## [Problem requirements]
Reproduce all the data exactly, without pictures.

## [Records for the task]
**********
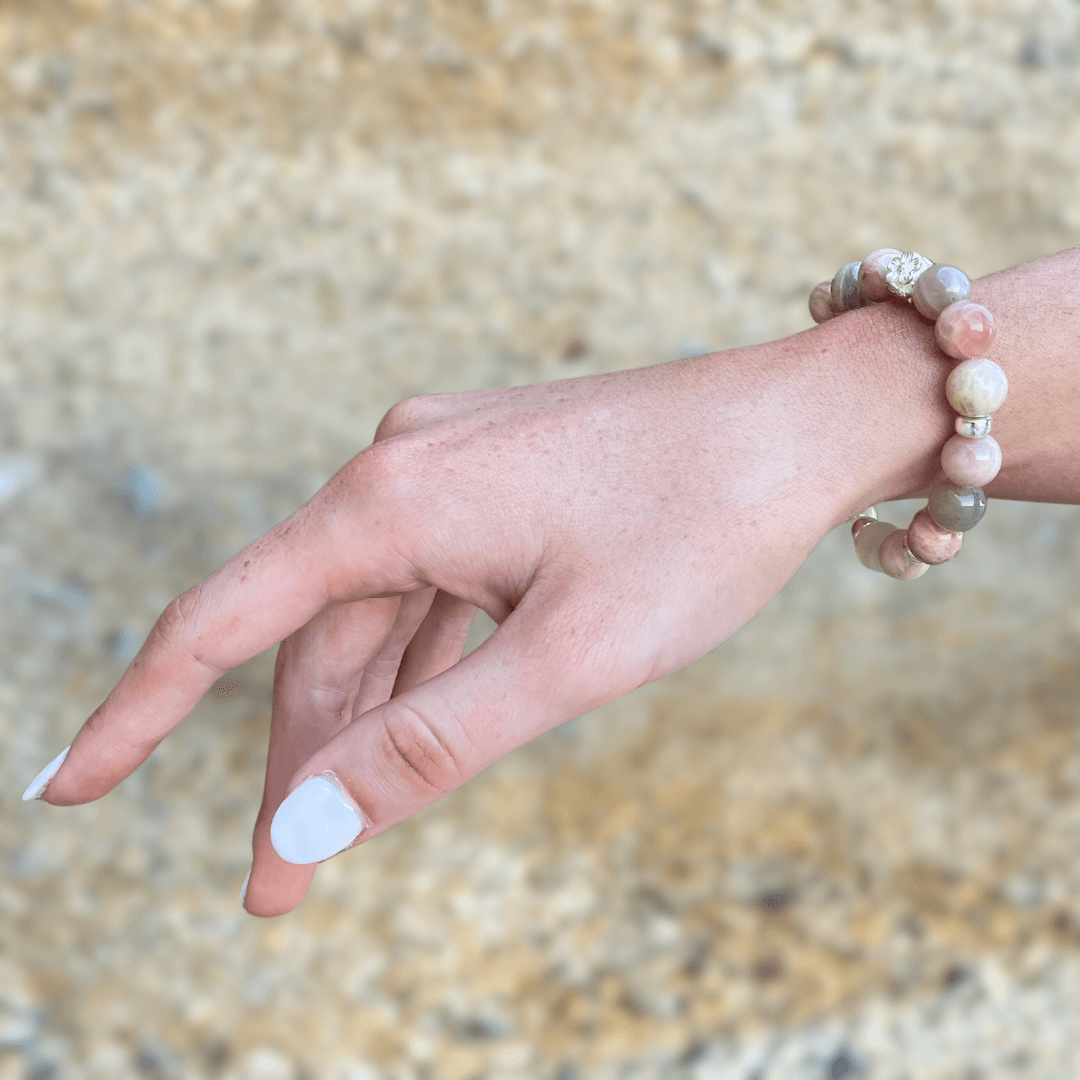 SUNSTONE & STERLING SILVER BEADED BRACELET- - Headless Nation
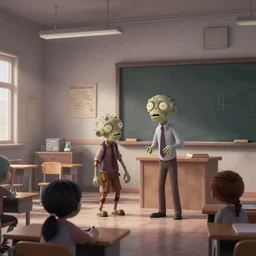 dystopian desolate school scene with a zombie teacher, pixar disney style, pixar studios, carel willink, edward hopper, animated, cgstation, octane render, film still, best animation, visual effects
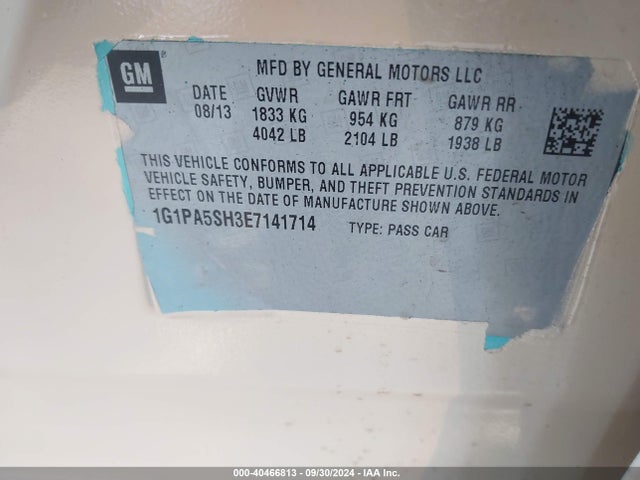 Chevrolet Cruze Ls Auto 2014 1G1PA5SH3E7141714 Image 9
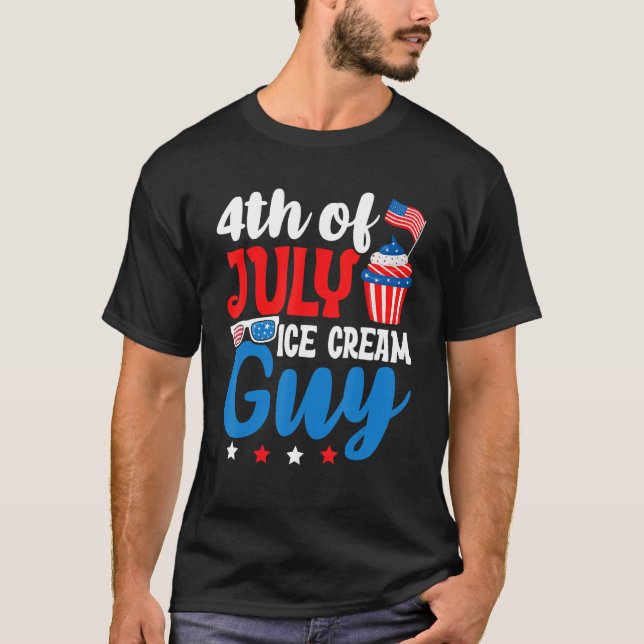 Memorial 4th Day of July Holiday Patriotic Ice Cre T Shirt (Framsida)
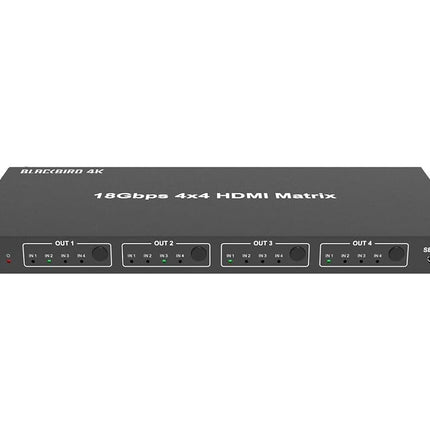 Monoprice Blackbird 4K 4x4 HDMI Matrix, 18G, 4K@60Hz, YCbCr 4:4:4, EDID, 4K to 1080p Downscaler, IR, HDR, HDR10, HDR10+, Black (143623)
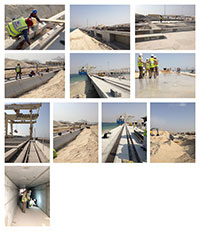 ドバイ首長国（アラブ首長国連邦）　港湾コンクリート構造物 補修防水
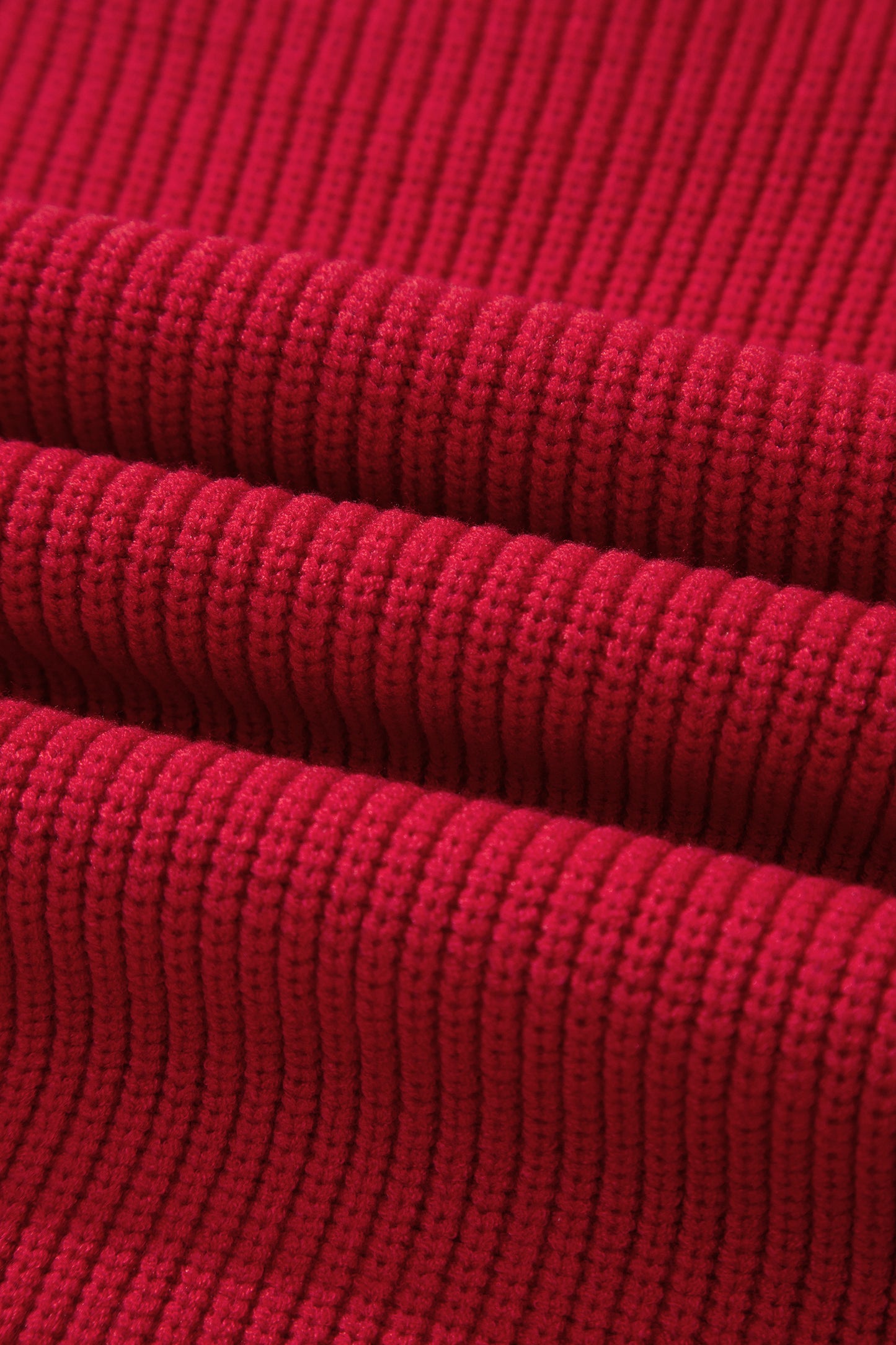 Exposed Hem Drop Shoulder Ribbed Knit Sweater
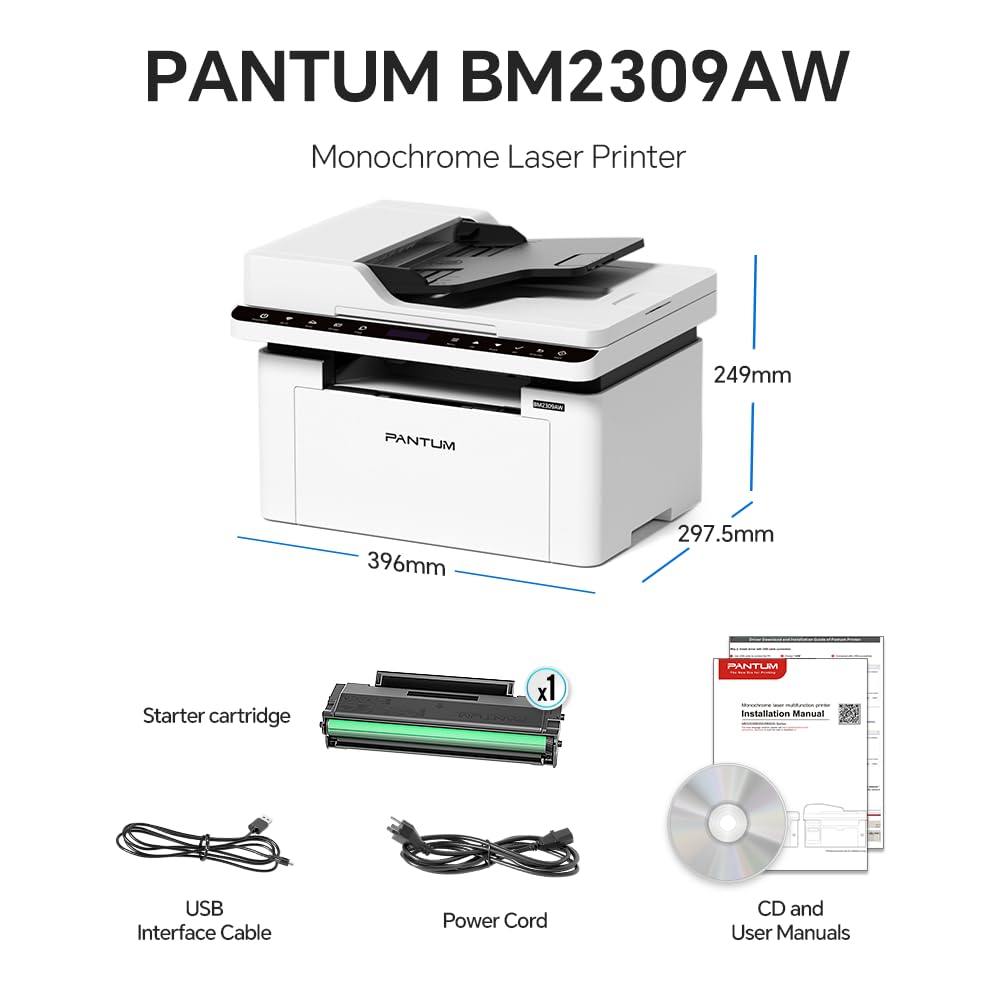 PANTUM BM2309AW 20ppm Multifunction Laser Printer - 3-in-1 Print/Scan/Copy with ADF & Manual Duplex, Wireless (Wi-Fi + USB), AirPrint & Mopria Apps for Home & Office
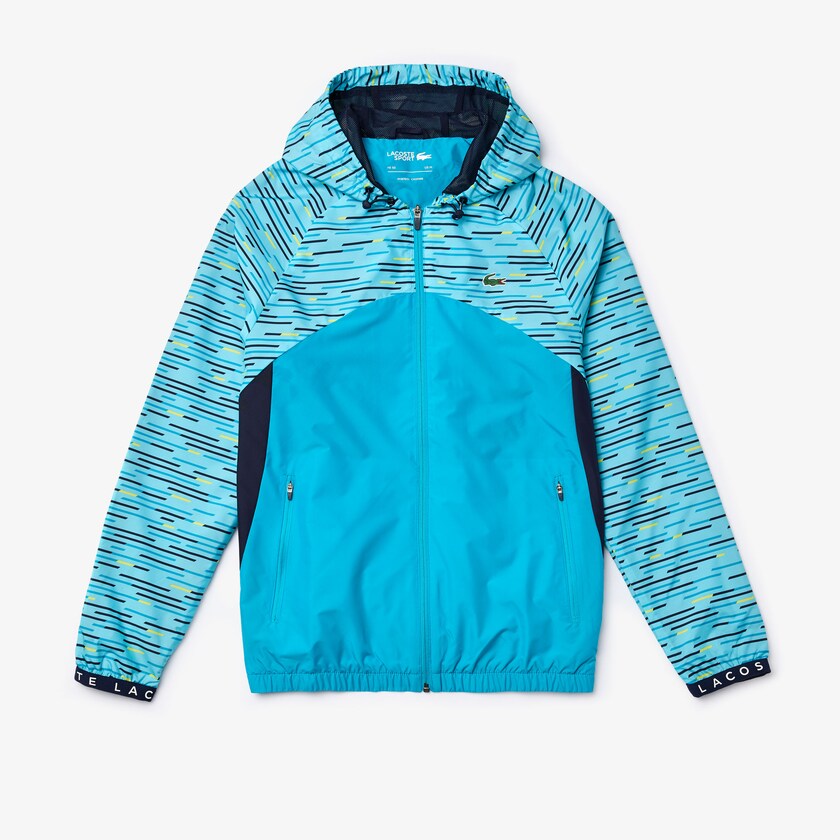 Men's Lacoste Turquoise / Navy Blue / Turquoise / Yellow / White Windbreaker SPORT Hooded Tennis MP5-60666C9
**********
## [Solution for this exercise]
 SUNSTONE & STERLING SILVER BEADED BRACELET- - Headless Nation
 dystopian desolate school scene with a zombie teacher, pixar disney style, pixar studios, carel willink, edward hopper, animated, cgstation, octane render, film still, best animation, visual effects
 Chevrolet Cruze Ls Auto 2014 1G1PA5SH3E7141714 Image 9
 Memorial 4th Day of July Holiday Patriotic Ice Cre T Shirt (Framsida)
 Monoprice Blackbird 4K 4x4 HDMI Matrix, 18G, 4K@60Hz, YCbCr 4:4:4, EDID, 4K to 1080p Downscaler, IR, HDR, HDR10, HDR10+, Black (143623)
 ドバイ首長国（アラブ首長国連邦）　港湾コンクリート構造物 補修防水
 Exposed Hem Drop Shoulder Ribbed Knit Sweater
 PANTUM BM2309AW 20ppm Multifunction Laser Printer - 3-in-1 Print/Scan/Copy with ADF & Manual Duplex, Wireless (Wi-Fi + USB), AirPrint & Mopria Apps for Home & Office
 Men's Lacoste Turquoise / Navy Blue / Turquoise / Yellow / White Windbreaker SPORT Hooded Tennis MP5-60666C9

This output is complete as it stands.